27 DON'T WAIT UP (Thunder)
Forever it seems the also-rans of British rock despite a string of near-classic singles, Thunder crash into the Top 30 with their first single since their 1995 cover of In A Broken Dream. A new album and tour are set to follow and further singles are surely due to follow, however much they seem to be sounding more and more like AC/DC with every successive release. Would anyone disagree that their best ever single was their 1990 debut Dirty Love?
32 WIGGLY WORLD (Mr Jack)
A faintly amusing piece of novelty dance, the largely instrumental track takes the 1970s as a reference point, samples Let's Go Round Again, gets used in a few nightclub sets and vanishes from the chart a week later.
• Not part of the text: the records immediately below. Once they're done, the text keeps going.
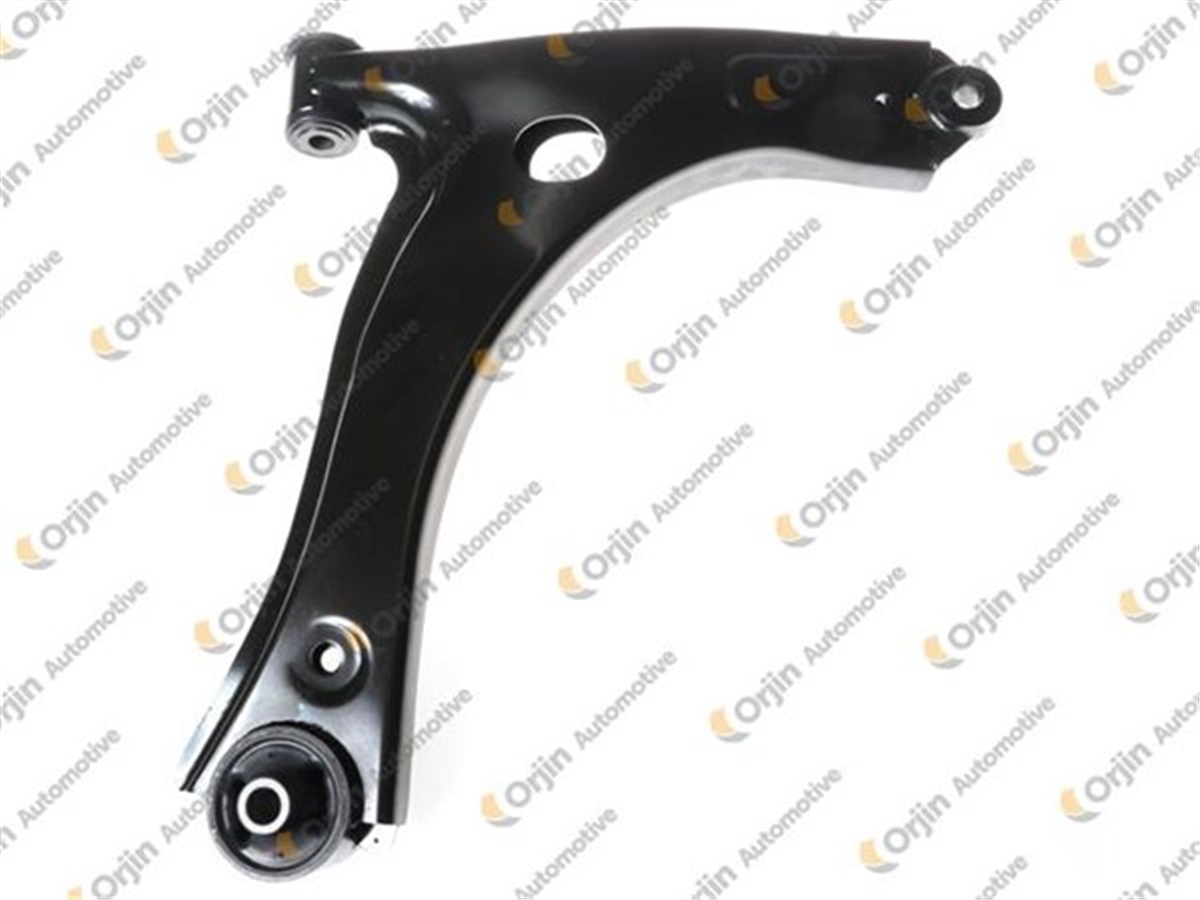 TRANSITSALINCAK SAĞ ALT KOMPLE SAC TRANSIT 2T TTG V363 2014-- 1763701-1764289-1782112-1831354-1877332-BK213A052AD-BK213A052AE ORJIN 03838ORJINORJIN 03838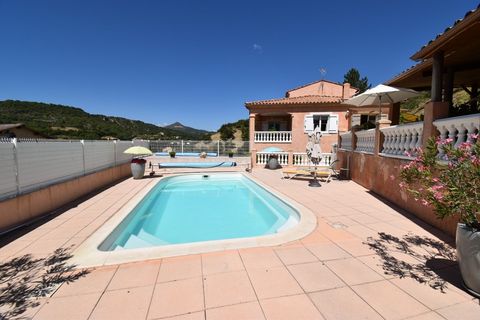 Villa i Digne-les-Bains, Alpes-de-Haute-Provence, Digne-les-Bains - € 590.000 | Ref: 830030605638 - foto 27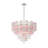 Mexborough Chandelier-1113969158-1113969177-1113969176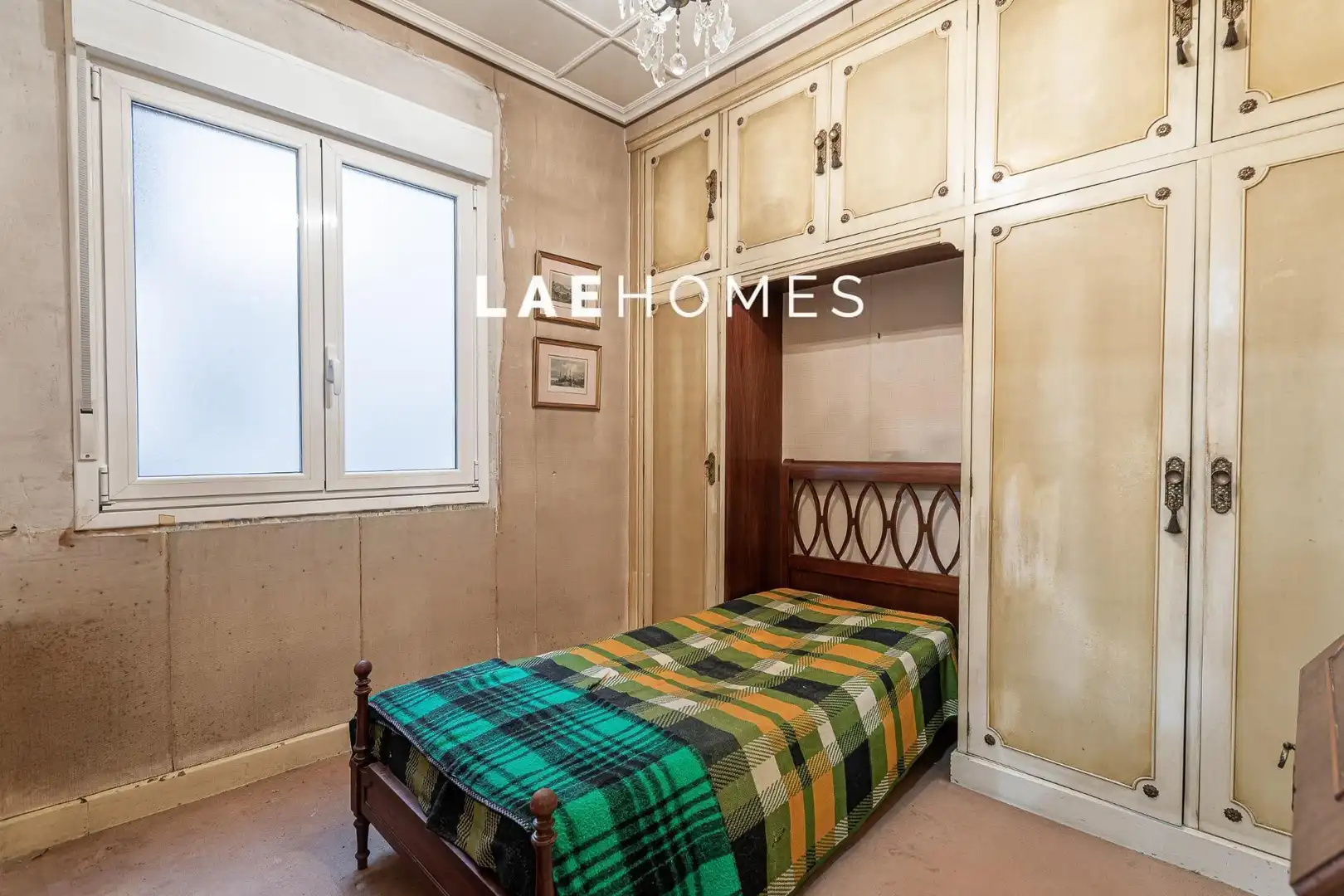 Appartement avec ascenseur à vendre à Avenida Avenida Ategorrieta 11, imagen 22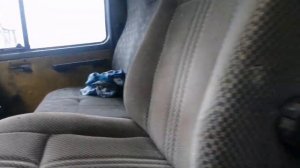 Гидравлика по подробнее.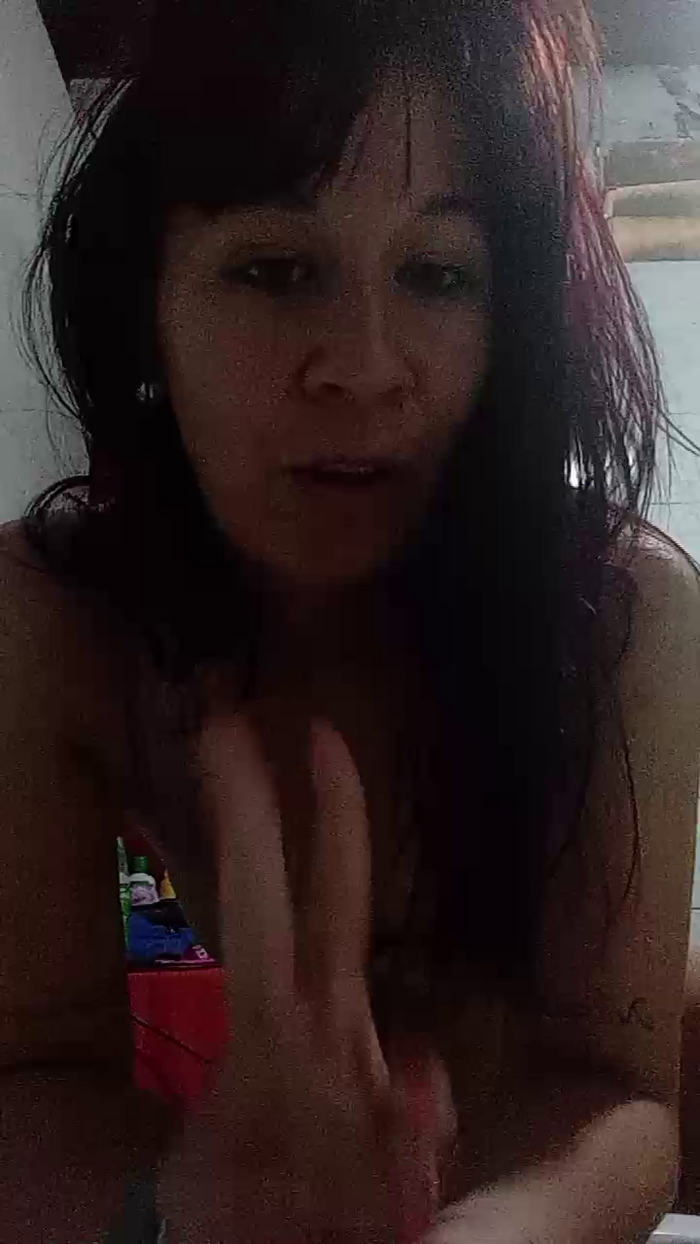 colobeb_hot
33 HOUSE ON FIRE (Arcarna)
A debut single from the 3-piece group whose music pedigree is only slightly more impressive than their first hit single. Only a small hit but there is more to come from them.
36 MOON (Virus)
Virus my foot, the Perfecto record label and the whole sound of this track do little to disguise that this is yet another alias for messrs Oakenfold and Osborne who may not be the veritable hit factory they were a couple of years ago but who can still produce some stunning dance music. Moon is based loosely on U2s Lemon from 1993s Zooropa album and calls to mind the Perfecto remix of Even Better Than The Real Thing and that U2 themselves have a new album and single out soon.
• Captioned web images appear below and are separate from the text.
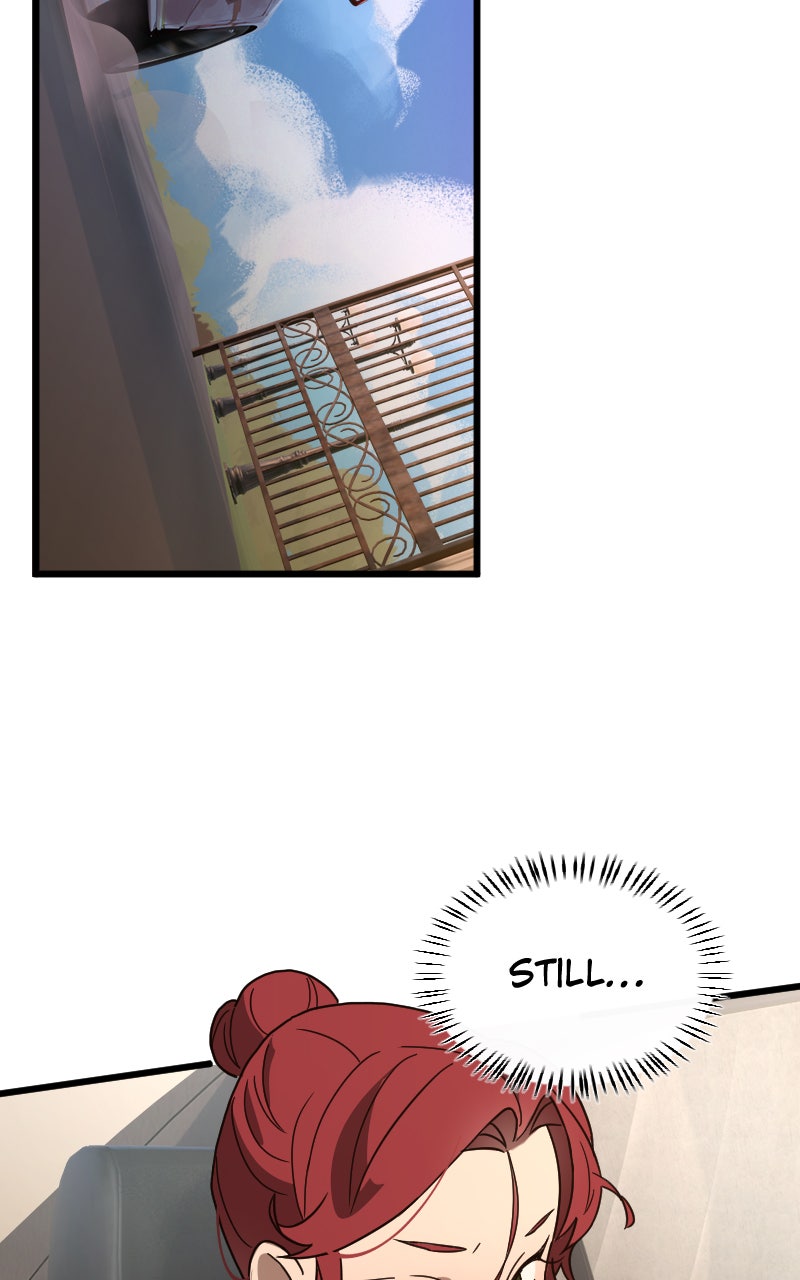 The Mafia Nanny (S3) Episode 101 page 58 - 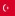 Turkey Escorts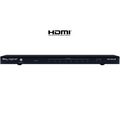 Key Digital hdmi distribution front view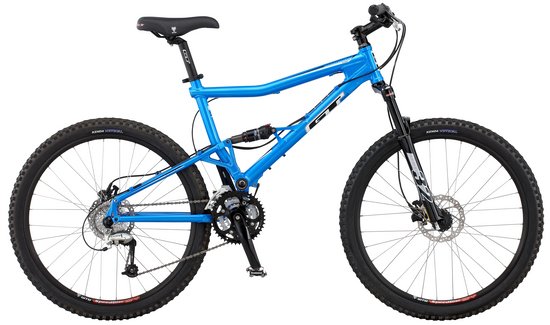 g9_marathonsport_blu_390133.jpg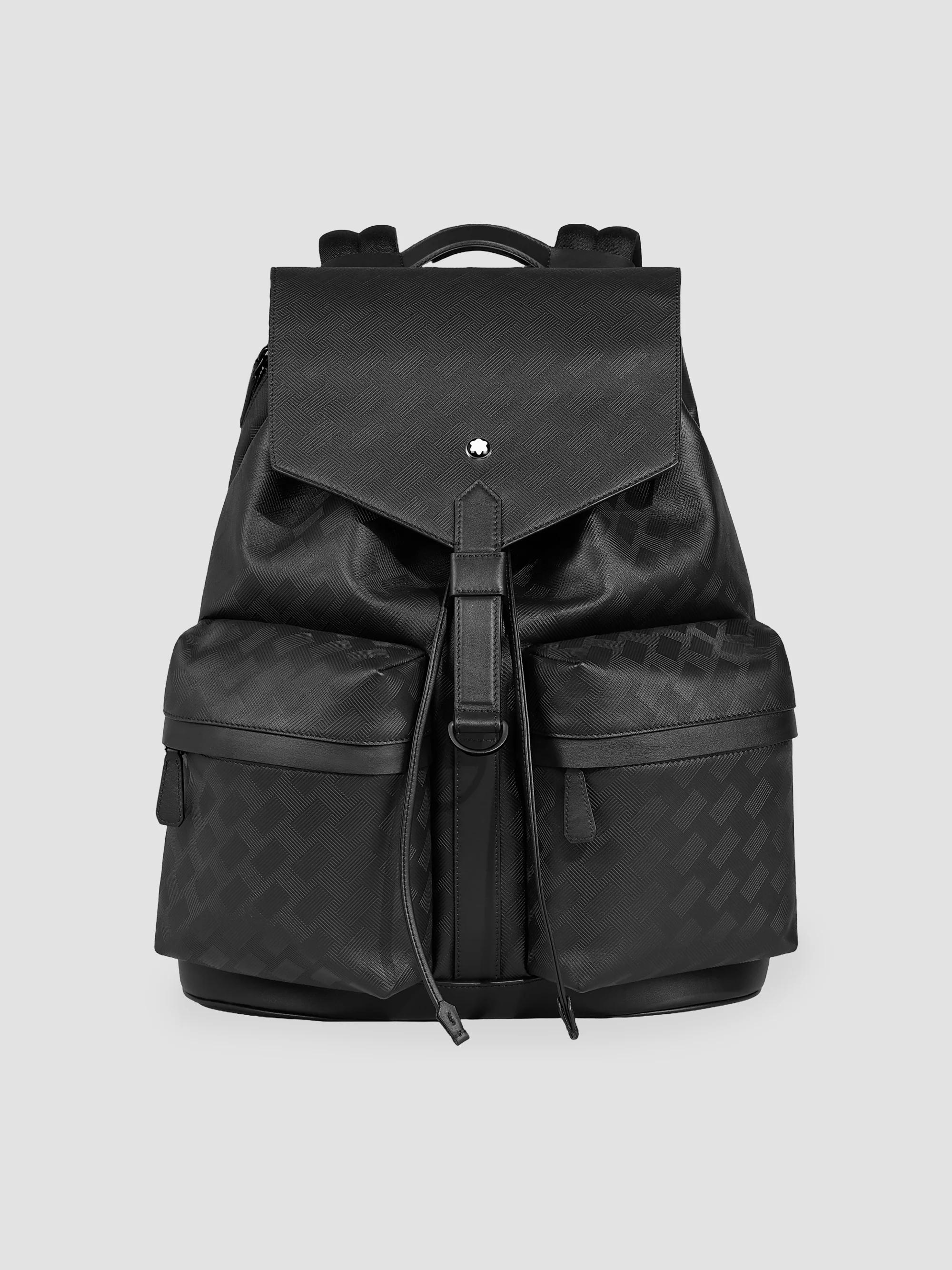 TUMI Voyageur Carson Backpack | Saks Fifth Avenue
40 MONTREAL (Wedding Present)
A welcome return to the Top 40 for the Wedding Present who are now attempting to reestablish themselves after a long absence and a series of record label swaps which would have broken the spirit of many lesser bands. The Leeds indie-kings of the last ten years are not going to go away easily, this is their first Top 40 single since No Christmas reached Number 25 in December 1992. That single was the final release in their celebrated sequence of a single every month for the whole of 1992. Every one made the Top 30 making them equals with Elvis Presley as the most consistent hitmakers within a 12 month period. Fitting too that they should be at the bottom end of a chart that is headed by a man who lists them as one of his greatest influences.